Mare Balticum
Åsa Stjerna
12-channel site-specific sound installation
Mare Balticum is an artistic exploration of the underwater soundscape of the Baltic Sea. The installation is based on a selection of sounds recorded during a scientific investigation conducted in 2014. Collected from thirty eight hydrophones, these recordings were made at exactly the same time every hour, each day, for the whole year; this sonic map of the Baltic enables scientists to measure the effects of human-induced sound in the ocean.

In Mare Balticum, fragments of this comprehensive material have been merged in order to create one continuous, synchronized portrait of the Baltic Sea, as perceived from multiple locations at a number of specific yet contiguous moments. Spanning from the Bothnian Sea in the north to Öresund in the south, and from the Sea’s eastern reaches on the Estonian coast to its westernmost extents in the Danish archipelago, the work progresses temporally as well as spatially. In the installation, marine life, the forces of nature, and the constant presence of the sounds of human activity—the barely perceptible and that which drowns and silences—converge. In this way, the constantly changing place we refer to as “the Baltic” is made perceivable, allowing a sonic politics to be discerned.
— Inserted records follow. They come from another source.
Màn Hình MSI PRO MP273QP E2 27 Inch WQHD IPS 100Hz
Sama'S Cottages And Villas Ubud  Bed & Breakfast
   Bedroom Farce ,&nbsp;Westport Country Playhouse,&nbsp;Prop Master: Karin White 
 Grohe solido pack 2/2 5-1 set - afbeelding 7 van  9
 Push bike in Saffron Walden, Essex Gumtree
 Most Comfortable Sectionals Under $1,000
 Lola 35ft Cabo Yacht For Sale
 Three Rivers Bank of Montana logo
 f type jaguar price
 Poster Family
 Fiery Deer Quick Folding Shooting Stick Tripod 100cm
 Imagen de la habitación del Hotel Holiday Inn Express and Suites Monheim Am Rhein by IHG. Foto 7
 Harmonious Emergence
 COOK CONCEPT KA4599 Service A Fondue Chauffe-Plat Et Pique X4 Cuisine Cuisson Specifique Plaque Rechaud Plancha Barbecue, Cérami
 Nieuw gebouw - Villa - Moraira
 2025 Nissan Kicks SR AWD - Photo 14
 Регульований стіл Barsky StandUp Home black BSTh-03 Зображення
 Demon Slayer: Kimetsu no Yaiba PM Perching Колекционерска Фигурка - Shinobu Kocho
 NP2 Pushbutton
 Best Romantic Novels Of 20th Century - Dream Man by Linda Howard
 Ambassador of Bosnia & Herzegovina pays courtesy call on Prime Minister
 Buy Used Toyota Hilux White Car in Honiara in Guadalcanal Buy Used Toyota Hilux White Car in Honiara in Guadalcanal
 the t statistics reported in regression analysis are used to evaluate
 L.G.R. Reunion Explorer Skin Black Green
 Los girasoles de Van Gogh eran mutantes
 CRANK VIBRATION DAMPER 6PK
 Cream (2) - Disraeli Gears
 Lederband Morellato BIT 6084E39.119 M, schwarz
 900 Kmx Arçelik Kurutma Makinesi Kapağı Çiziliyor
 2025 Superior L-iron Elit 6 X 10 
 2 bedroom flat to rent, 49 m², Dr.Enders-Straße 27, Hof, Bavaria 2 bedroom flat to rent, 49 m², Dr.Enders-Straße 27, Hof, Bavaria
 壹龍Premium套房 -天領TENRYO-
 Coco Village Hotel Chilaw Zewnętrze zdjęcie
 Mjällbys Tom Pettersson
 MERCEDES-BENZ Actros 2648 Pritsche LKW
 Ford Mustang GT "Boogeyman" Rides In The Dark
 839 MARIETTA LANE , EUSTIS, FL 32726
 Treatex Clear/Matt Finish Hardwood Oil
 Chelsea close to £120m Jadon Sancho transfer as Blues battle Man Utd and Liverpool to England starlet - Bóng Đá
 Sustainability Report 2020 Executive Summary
Installed in the one-hundred-meter-long tunnel at Furillen, each loudspeaker in Mare Balticum stands in for a specific place in the Baltic where sound recordings were made.
Distinct places bleed into one another in the sound installation, sometimes acting as solitary voices and sometimes as ensembles. Together, they constitute a geographic choreography that invites the visitor to move from place to place.

Scientific coordinator: Peter Sigray, EU/Life+ project BIAS: Baltic Sea Information on the Acoustic Soundscape
Technical concept: Manfred Fox
Software programming: Andre Bartetzki
Assistent: Shida Shahabi

Åsa Stjerna is a Swedish sound artist, who uses sound and listening as artistic media in the exploration of public space. Through her site-specific sound installations, she explores the often hidden underlying historic, social, and political structures connected to a place, making these perceivable. Stjerna has participated in a number of exhibitions in Sweden and internationally. Her recent works and exhibitions include a permanent sound installation at the Swedish Institute in Paris commissioned by the Swedish Art Agency (2014); the Transmediale Media Festival, Berlin (2013); Nordic Music Days, Stockholm (2012); the Ultima Contemporary Music festival, Oslo (2011); and the Akademie der Künste, Berlin (2009).